Review of Heat Pumps in Ireland
Are you thinking about getting a heat pump? We spoke to some people who already have a heat pump in their home.
Heat pumps are an environmentally friendly and extremely efficient alternative to oil, gas, solid fuel and conventional home heating systems. The most common heat pumps work by converting energy from the air outside of your home into useful heat inside, in the same way a fridge extracts heat from its inside.
Cathal and Siobhan Jennings bought a new house in west Dublin in early 2018. The house already had a heat pump which they are finding very different to a conventional boiler. “I find it very good. I needed to become familiar with the control panel, so I could understand what the various symbols were telling me but this was not difficult. It is easy to use, mainly because once the system has been set up correctly, the user is supposed to leave it alone. It is designed to stay on 24/7 and this is one of the big differences from a conventional system”, says Cathal.
“The other big difference is that the user sets the thermostat to an ambient 19-20 degrees and the house is designed to regulate itself to that temperature. The radiators never get hot - they stay lukewarm most of the time. This means that the house does not get hot, but it never gets cold either”, he continues.
Heat pumps work best when your house is well insulated with a low heat loss. Otherwise the heat pump could be quite inefficient. Olivier Neu originally from France has a heat pump in the home he shares with his family in South Dublin. He says, “Before we were in a rented place with storage heaters. Our electricity bill was €70 per month for 50 square metres. In our new house, we are spending €70 euro per month as well but our house is 130 square metres. So our heating is much more energy efficient and controllable”. This price covers all utilities.
“The good thing for us was that we saw the savings straight away especially because I set the controls to heat the water during the night when the electricity tariffs are lower. We couldn’t do this with storage heaters”.

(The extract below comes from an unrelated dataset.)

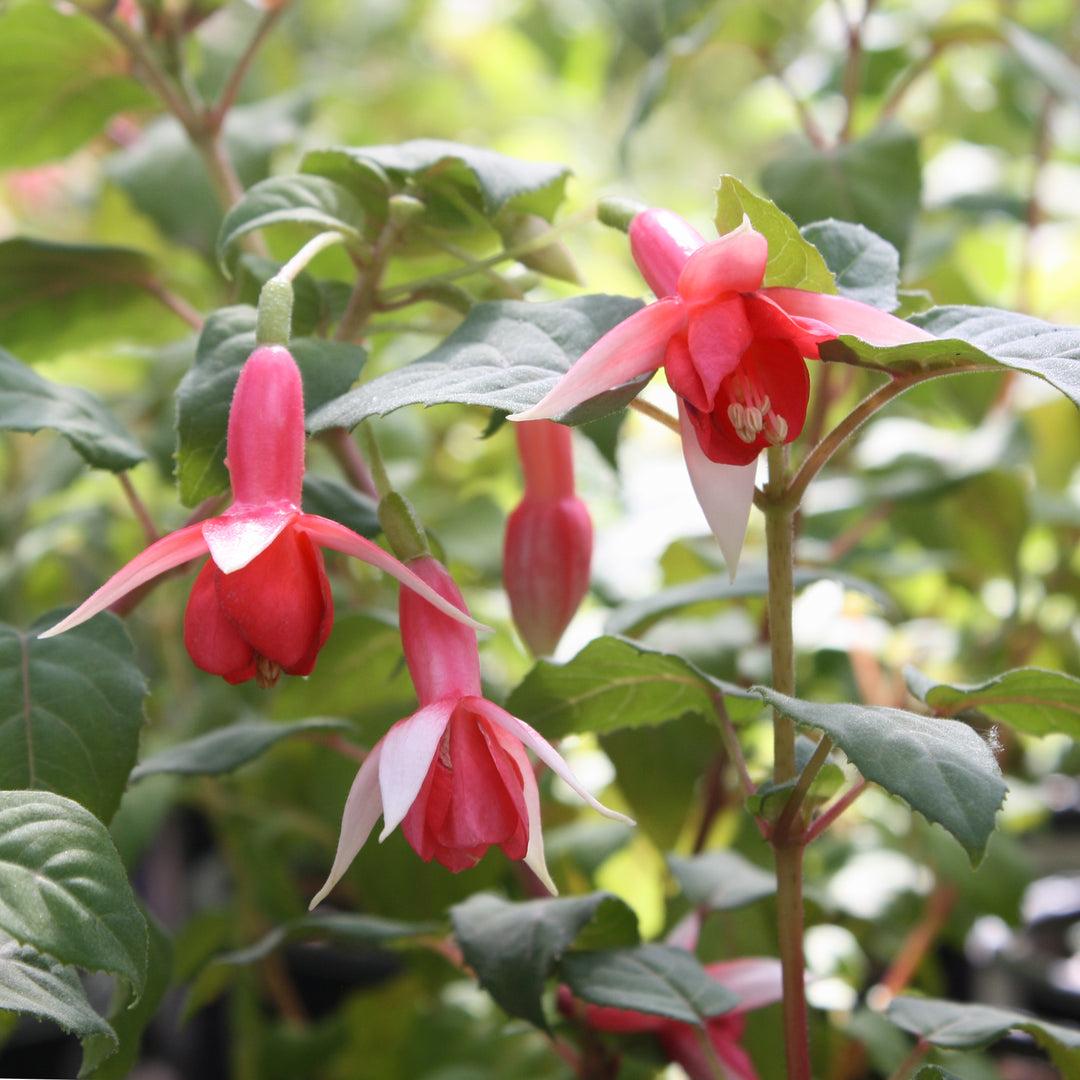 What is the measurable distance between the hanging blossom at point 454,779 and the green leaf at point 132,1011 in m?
0.15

Cathal in West Dublin has also definitely noticed a difference in price from his previous home. “On average, our utilities cost us approx. €60 per month”. This is for all utilities and covers combined heating, lighting and cooking. Although he expects this to rise slightly over the winter months he notes that because the house is a new build, it is heavily insulated with no draughts or chimney flues.
Is a heat pump grant for me?
If you are considering installing a heat pump in your home, you should definitely check out the grant offered by SEAI. We hope to make the transition to renewable technologies more affordable for you and for this reason are offering a grant to subsidise the cost of purchasing and installing a heat pump.
In general, a homeowner will decide on a grant based on their immediate requirements. If their house is cold and draughty, they insulate their homes. If their heating system is due to be replaced, we encourage them to insulate their homes and get a heat pump. SEAI offers grants for insulation too so it’s a win-win.
Heat pump grants are available for homes built and occupied before 2011. In order to qualify, the house must be well insulated with low heat loss. If you are renovating or upgrading – you may like to get a combination of grants. See here
Houses built after 2005 are likely to be heat pump ready
Houses constructed after 2005 are generally well insulated and have a low heat loss. This makes them heat pump ready. If you are replacing a boiler or thinking of renovating your home, we strongly recommend you install a heat pump rather than a gas or oil dependent system.
For Olivier, he concludes that a heat pump has made him more engaged with the energy use in his home, “We are happy that we are not using fossil fuels and are doing our part for the environment. For anyone doing a renovation, I would definitely encourage them to consider a heat pump as it is a great way to maximise the energy performance of your house”.